HESI LPN
Community Health HESI Practice Exam
1. What does the nurse perform to determine the family nursing problems/needs?
- A. goal setting
- B. family health care plan formulation
- C. assessment
- D. evaluation
Correct answer: C
Rationale: The correct answer is C: assessment. Assessment is the initial step in identifying family nursing problems/needs. During assessment, the nurse collects data to understand the family's health status, strengths, weaknesses, and potential areas for intervention. This process helps in developing an accurate picture of the family's situation. Choices A, B, and D are incorrect because goal setting, family health care plan formulation, and evaluation come after the assessment phase. Goal setting occurs once the issues are identified, the family health care plan is developed based on assessment findings, and evaluation is the final step to assess the effectiveness of the interventions implemented.
2. A community health nurse is conducting a neighborhood discussion group about disaster planning. What information regarding the transmission of anthrax should the nurse provide to the group?
- A. Infection is acquired when anthrax spores enter a host.
- B. Mature anthrax bacteria live dormant on inanimate objects.
- C. Spores cannot survive for extended periods outside of a living host.

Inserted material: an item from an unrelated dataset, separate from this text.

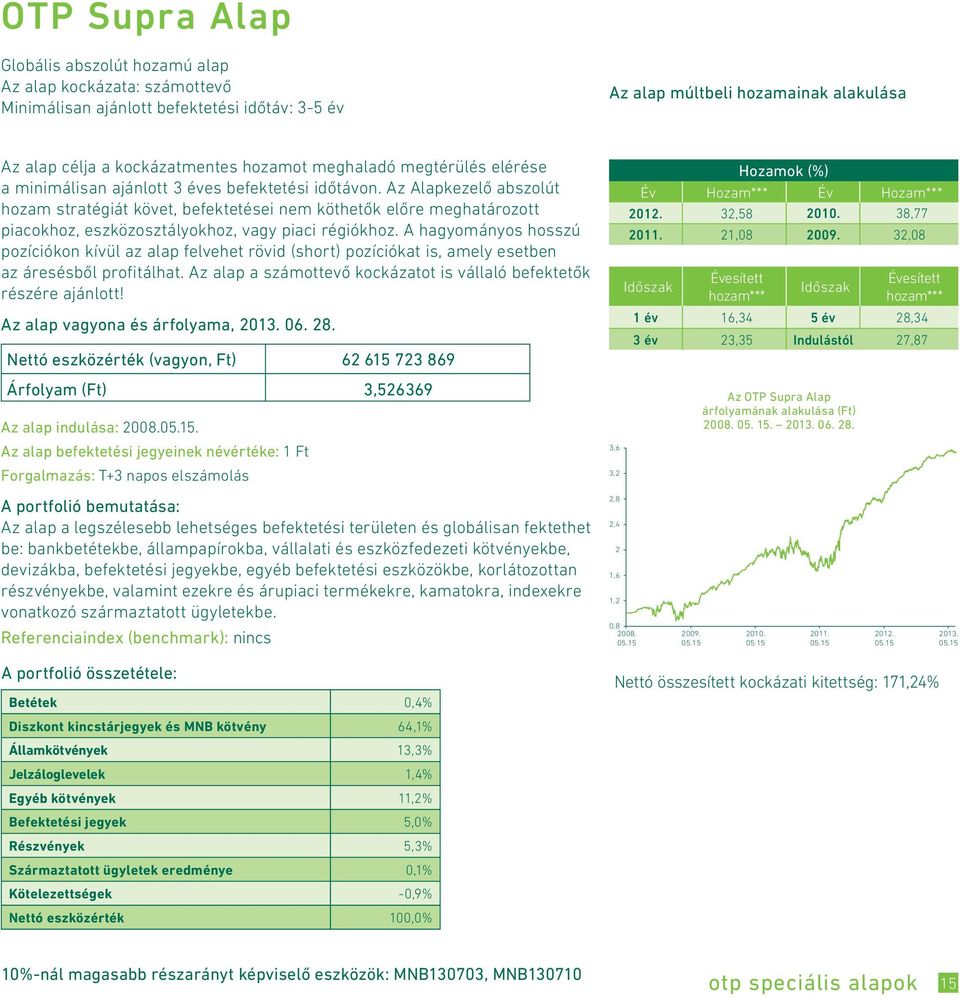 Az Alapkezelő abszolút hozam stratégiát követ, befektetései nem köthetők előre meghatározott piacokhoz, eszközosztályokhoz, vagy piaci régiókhoz.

- D. Anthrax is transmitted by respiratory droplets from person to person.
Correct answer: A
Rationale: The correct information that the nurse should provide to the group is that anthrax infection occurs when spores enter a host. Choice B is incorrect because mature anthrax bacteria do not live dormant on inanimate objects. Choice C is incorrect because anthrax spores can survive for extended periods outside of a living host. Choice D is incorrect because anthrax is not transmitted by respiratory droplets from person to person; it is acquired through spores entering a host.

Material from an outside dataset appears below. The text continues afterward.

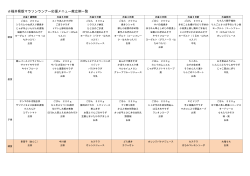 福井県版マラソンランナー応援メニュー献立例一覧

3. A newborn presents with a pronounced cephalic hematoma following a birth in the posterior position. Which nursing diagnosis should guide the plan of care?
- A. Pain related to periosteal injury
- B. Impaired mobility related to bleeding
- C. Parental anxiety related to knowledge deficit
- D. Injury related to intracranial hemorrhage
Correct answer: C
Rationale: The correct nursing diagnosis to guide the plan of care for a newborn with a pronounced cephalic hematoma following a birth in the posterior position is 'Parental anxiety related to knowledge deficit.' This is appropriate because the parents may be worried about the appearance and potential complications of the cephalic hematoma. They may require education and reassurance from the nurse. Choices A, B, and D are incorrect because they do not address the emotional needs of the parents and the knowledge deficit they may have regarding the condition.
4. When planning the care for a young adult client diagnosed with anorexia nervosa, which of these concerns should the nurse determine to be the priority for long term mobility?
- A. Digestive problems
- B. Amenorrhea
- C. Electrolyte imbalance
- D. Blood disorders
Correct answer: B
Rationale: The correct answer is B: Amenorrhea. Amenorrhea, or the absence of menstruation, is a common long-term consequence of anorexia nervosa due to low body weight and hormonal imbalances. Addressing amenorrhea is crucial for the patient's overall health and reproductive potential. Choice A, Digestive problems, may also be a concern in anorexia nervosa, but in terms of long-term mobility, amenorrhea takes priority because of its impact on hormonal balance and bone health. Choice C, Electrolyte imbalance, is important to address in anorexia nervosa due to potential cardiac complications, but it is not directly linked to long-term mobility concerns. Choice D, Blood disorders, while they can occur in anorexia nervosa, are not as directly related to long-term mobility as amenorrhea, which can significantly affect bone health and mobility in the future.
5. A 14-month-old had cleft palate surgical repair several days ago. The parents ask the nurse about feedings after discharge. Which lunch is the best example of an appropriate meal?
- A. Hot dog, carrot sticks, gelatin, milk
- B. Soup, blenderized soft foods, ice cream, milk
- C. Peanut butter and jelly sandwich, chips, pudding, milk
- D. Baked chicken, applesauce, cookie, milk
Correct answer: B
Rationale: Choice B, 'Soup, blenderized soft foods, ice cream, milk,' is the correct answer. After cleft palate repair, it is essential to provide soft and blenderized foods to prevent trauma to the surgical site and promote proper healing. Choices A, C, and D contain foods that may be difficult for the child to consume comfortably and safely after a cleft palate surgical repair. A hot dog, carrot sticks, chips, and hard cookies could potentially cause injury or discomfort to the surgical area. Peanut butter and jelly sandwich might be too difficult to swallow or may stick to the surgical site. Baked chicken could be too challenging to chew. Therefore, the best choice for an appropriate meal post cleft palate repair is soft, blenderized foods like soup, along with other soft options like ice cream and milk.